Methods: An online questionnaire was developed, and a link distributed to gastroenterologists. Data were analyzed descriptively using Friedman and Wilcoxon matched-pair signed rank tests to compare rankings for responses. Mann-Whitney U tests were used to compare rankings between responses from gastroenterologists from developed and developing countries. Lower scores reflected greater challenges.

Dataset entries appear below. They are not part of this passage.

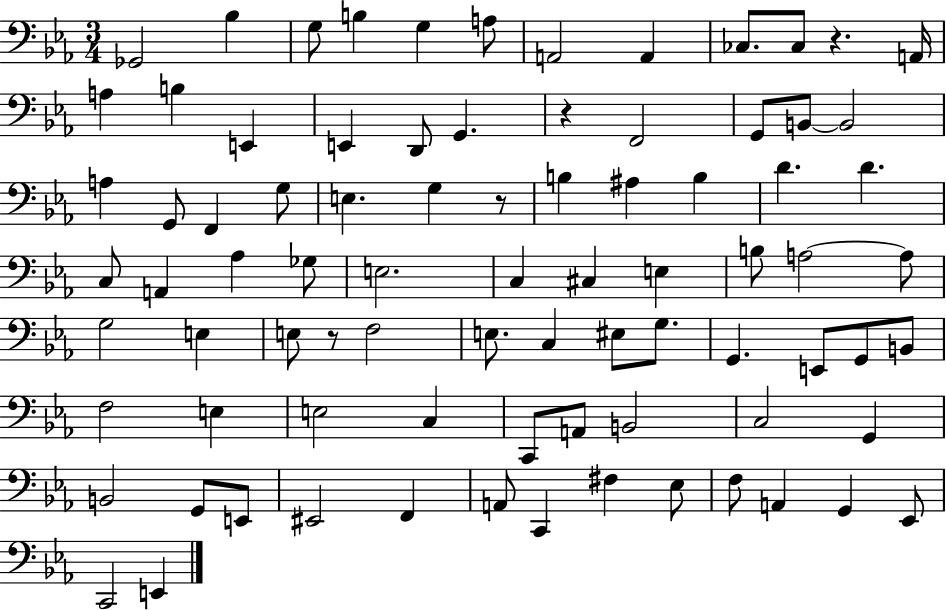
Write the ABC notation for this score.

X:1
T:Untitled
M:3/4
L:1/4
K:Eb
_G,,2 _B, G,/2 B, G, A,/2 A,,2 A,, _C,/2 _C,/2 z A,,/4 A, B, E,, E,, D,,/2 G,, z F,,2 G,,/2 B,,/2 B,,2 A, G,,/2 F,, G,/2 E, G, z/2 B, ^A, B, D D C,/2 A,, _A, _G,/2 E,2 C, ^C, E, B,/2 A,2 A,/2 G,2 E, E,/2 z/2 F,2 E,/2 C, ^E,/2 G,/2 G,, E,,/2 G,,/2 B,,/2 F,2 E, E,2 C, C,,/2 A,,/2 B,,2 C,2 G,, B,,2 G,,/2 E,,/2 ^E,,2 F,, A,,/2 C,, ^F, _E,/2 F,/2 A,, G,, _E,,/2 C,,2 E,,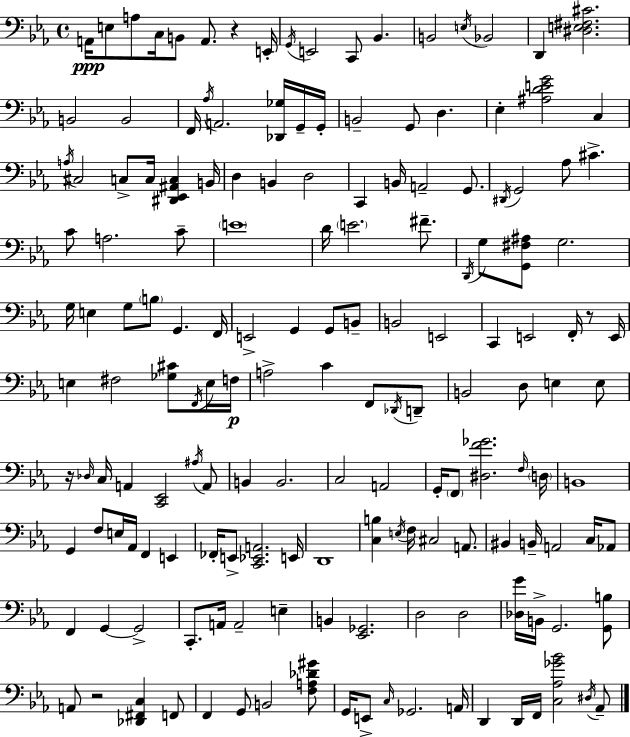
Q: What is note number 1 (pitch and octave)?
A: A2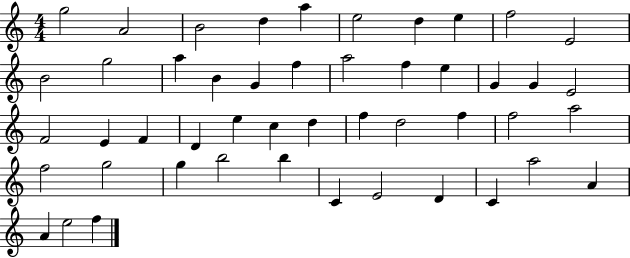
X:1
T:Untitled
M:4/4
L:1/4
K:C
g2 A2 B2 d a e2 d e f2 E2 B2 g2 a B G f a2 f e G G E2 F2 E F D e c d f d2 f f2 a2 f2 g2 g b2 b C E2 D C a2 A A e2 f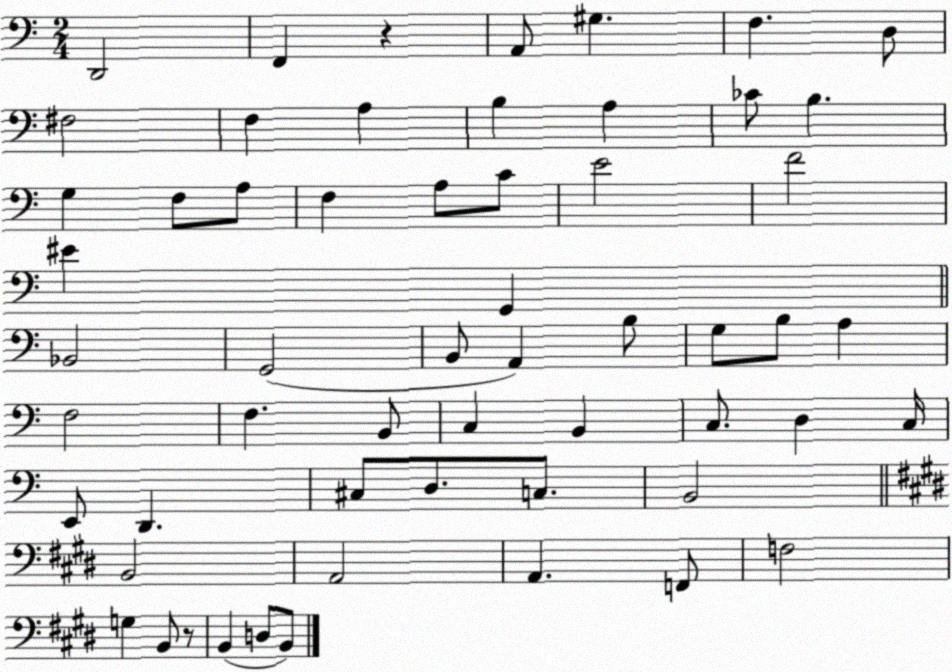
X:1
T:Untitled
M:2/4
L:1/4
K:C
D,,2 F,, z A,,/2 ^G, F, D,/2 ^F,2 F, A, B, A, _C/2 B, G, F,/2 A,/2 F, A,/2 C/2 E2 F2 ^E G,, _B,,2 G,,2 B,,/2 A,, B,/2 G,/2 B,/2 A, F,2 F, B,,/2 C, B,, C,/2 D, C,/4 E,,/2 D,, ^C,/2 D,/2 C,/2 B,,2 B,,2 A,,2 A,, F,,/2 F,2 G, B,,/2 z/2 B,, D,/2 B,,/2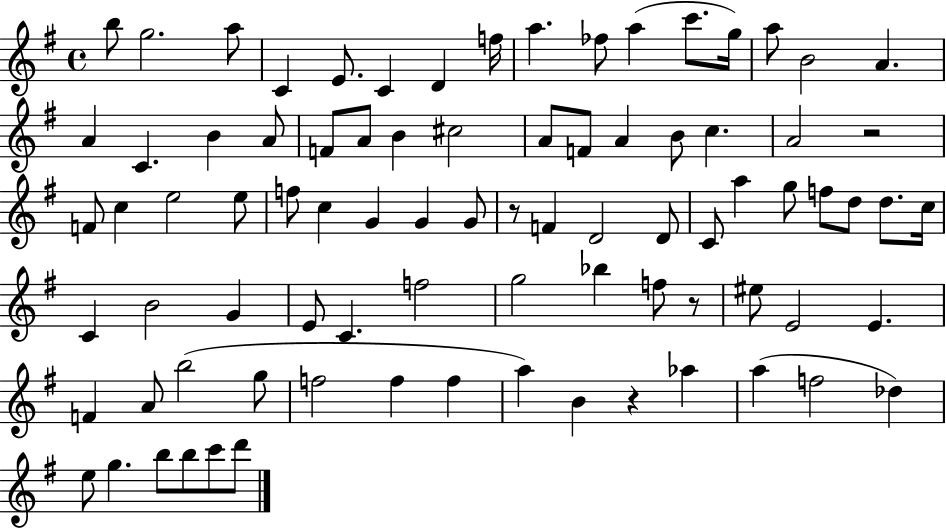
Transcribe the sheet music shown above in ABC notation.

X:1
T:Untitled
M:4/4
L:1/4
K:G
b/2 g2 a/2 C E/2 C D f/4 a _f/2 a c'/2 g/4 a/2 B2 A A C B A/2 F/2 A/2 B ^c2 A/2 F/2 A B/2 c A2 z2 F/2 c e2 e/2 f/2 c G G G/2 z/2 F D2 D/2 C/2 a g/2 f/2 d/2 d/2 c/4 C B2 G E/2 C f2 g2 _b f/2 z/2 ^e/2 E2 E F A/2 b2 g/2 f2 f f a B z _a a f2 _d e/2 g b/2 b/2 c'/2 d'/2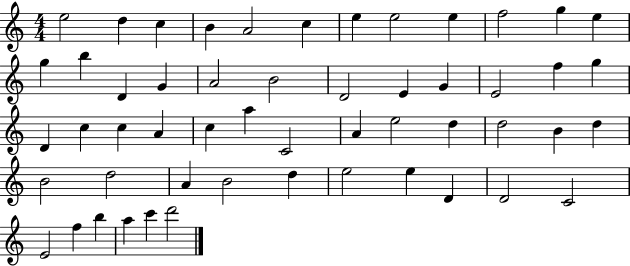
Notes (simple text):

E5/h D5/q C5/q B4/q A4/h C5/q E5/q E5/h E5/q F5/h G5/q E5/q G5/q B5/q D4/q G4/q A4/h B4/h D4/h E4/q G4/q E4/h F5/q G5/q D4/q C5/q C5/q A4/q C5/q A5/q C4/h A4/q E5/h D5/q D5/h B4/q D5/q B4/h D5/h A4/q B4/h D5/q E5/h E5/q D4/q D4/h C4/h E4/h F5/q B5/q A5/q C6/q D6/h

Results: Of 872 who started, 397 gastroenterologists (45.5%) completed the survey. Respondents represented 65 countries (226 [56.9%] from developed countries). Overall, the challenge ranked most important (smallest number) was increasing IBD prevalence (13.6%). There were significant differences in mean ranking scores for many simple aspects of care for those from developing countries compared to providers from developed countries, such as access to simple IBD treatments (5.52 vs. 6.02, p = 0.01), access to anti-TNF drugs including dose escalation (3.33 vs. 3.93, p < 0.01), access to good stoma care (2.57 vs. 3.03, p < 0.001), access to therapeutic drug monitoring (1.47 vs. 1.84, p < 0.001), and access to care for people from low socioeconomic status (2.77 vs. 3.37, p < 0.001).
Conclusions: Increasing IBD prevalence is seen by gastroenterologists as the greatest challenge facing them. There are significant differences between the IBD challenges facing gastroenterologists from developed and developing countries that reflect inequities in access to health care.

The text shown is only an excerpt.